─── STORED DATA

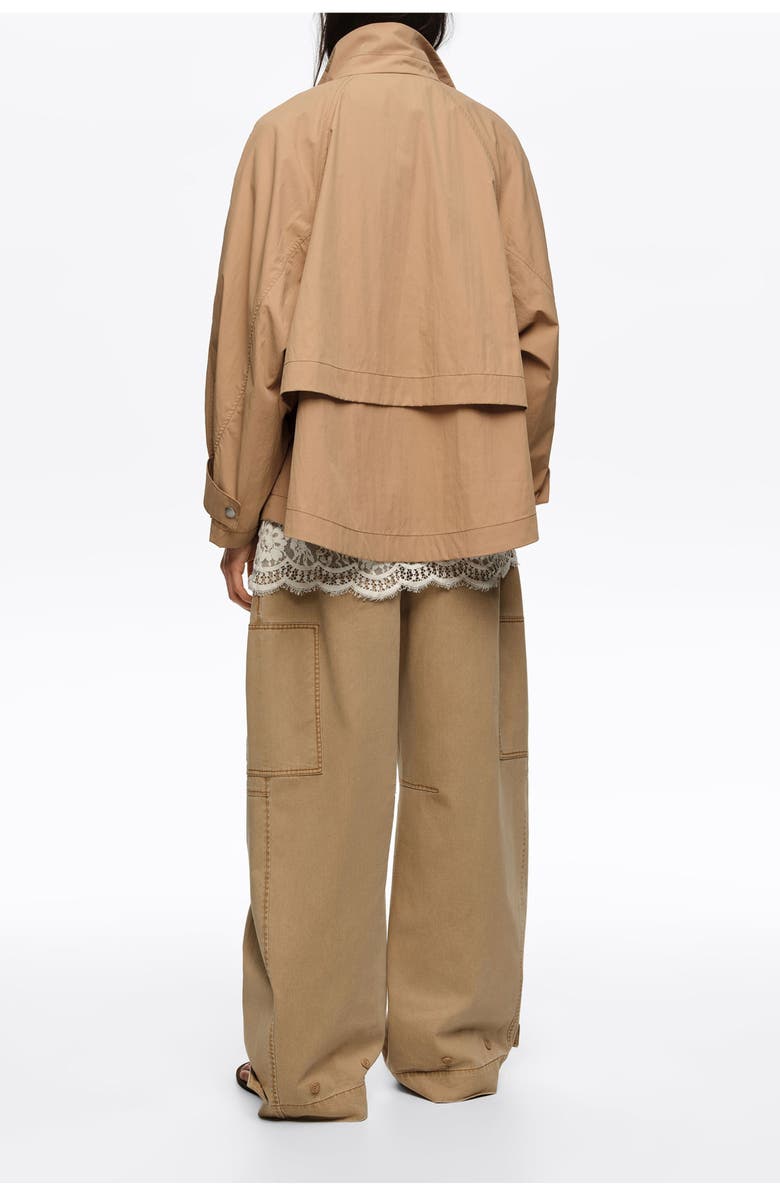 Bimba y Lola Fluid High Neck Trench, Alternate, color, Camel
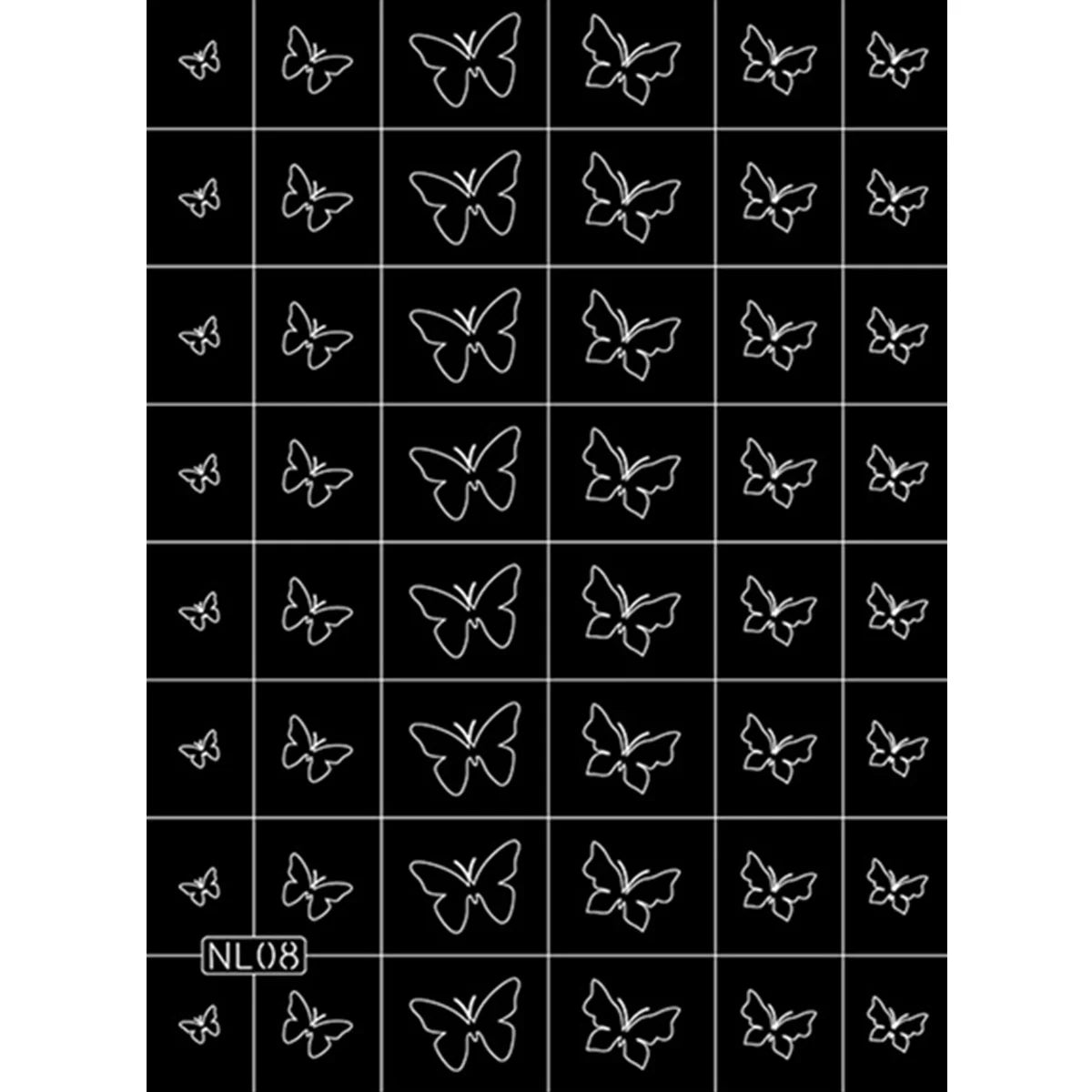 2-Pack Heart & Butterfly Nail Art Airbrush Stencil Templates Nail Art Stencils QXL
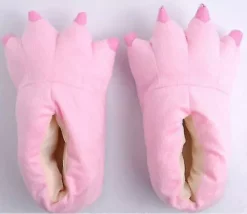 Autumn And Winter Cartoon Dinosaur Animal Paw Shoes, High-heeled Heels To Keep Warm, Crazy Animal City, Plush Home Slippers For Men And Women Pink-35-
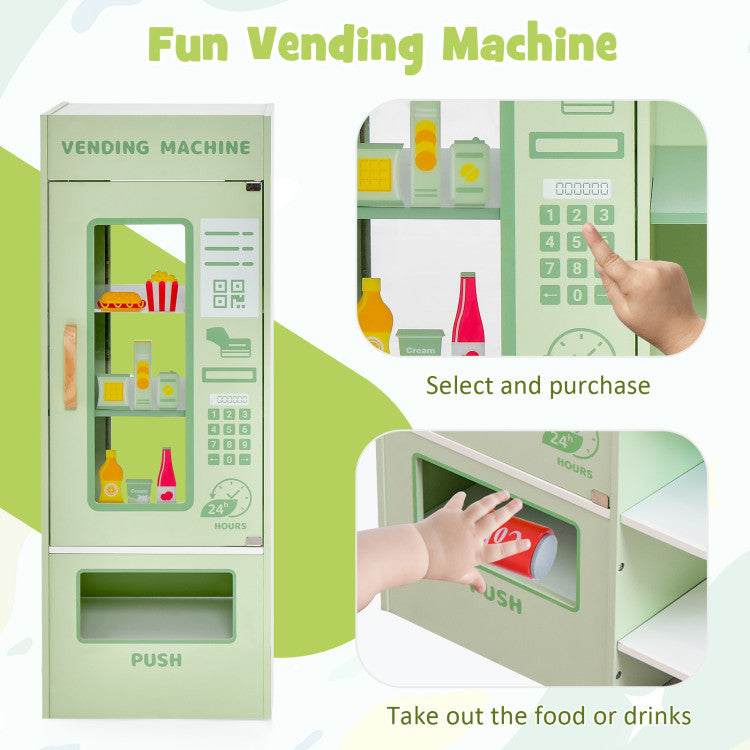 Kids Wooden Grocery Store Play Set with Cashier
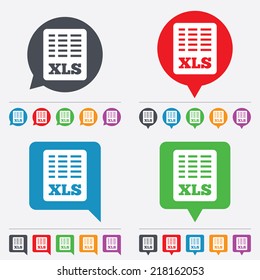 Excel file document icon. Download xls button. XLS file symbol. Speech bubbles information icons. 24 colored buttons. Vector
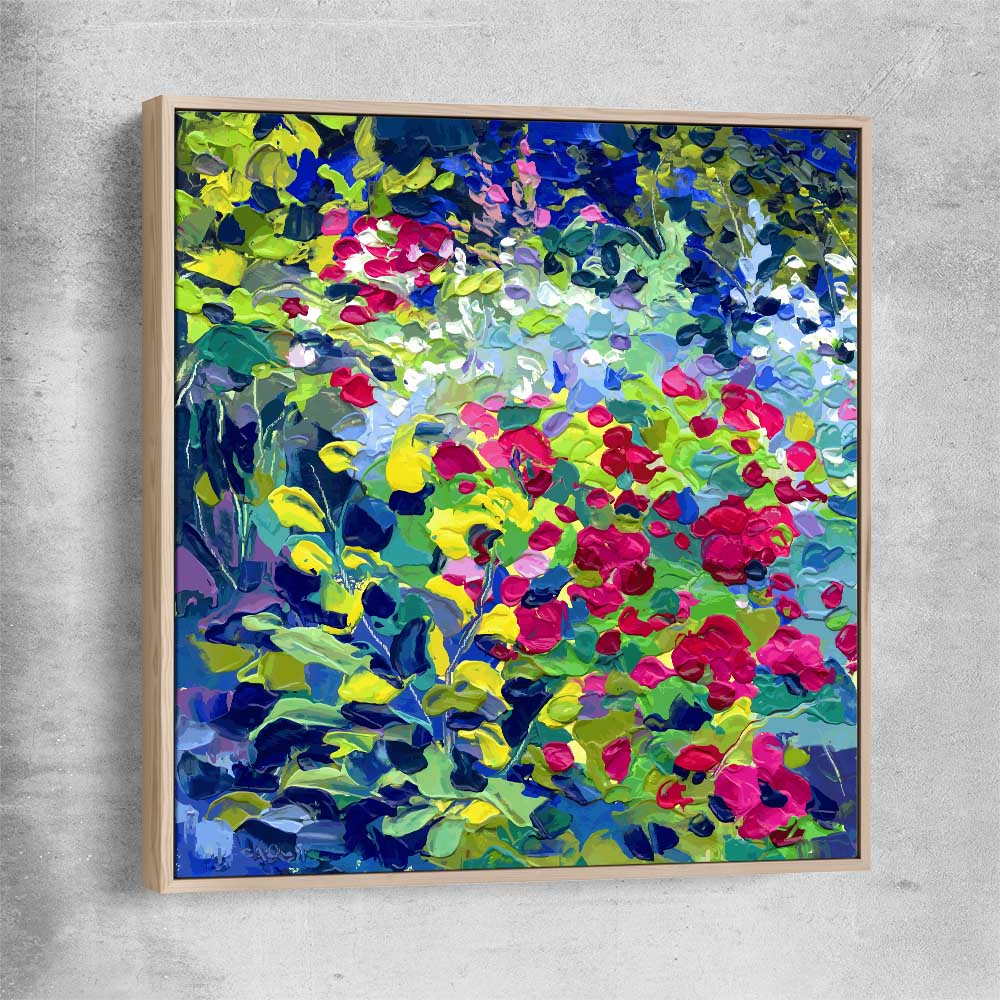 Flourished Dots raw oak framed canvas - part of our high quality canvas abstract wall art collection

──────

#### [PROBLEM]
Once the line containing "2-Pack Heart &" has been found, write out exactly that line and each one after it through the end of the data, leaving out every picture.

#### [EXERCISE SOLUTION]
 2-Pack Heart & Butterfly Nail Art Airbrush Stencil Templates Nail Art Stencils QXL
 Autumn And Winter Cartoon Dinosaur Animal Paw Shoes, High-heeled Heels To Keep Warm, Crazy Animal City, Plush Home Slippers For Men And Women Pink-35-
 Kids Wooden Grocery Store Play Set with Cashier
 Excel file document icon. Download xls button. XLS file symbol. Speech bubbles information icons. 24 colored buttons. Vector
 Flourished Dots raw oak framed canvas - part of our high quality canvas abstract wall art collection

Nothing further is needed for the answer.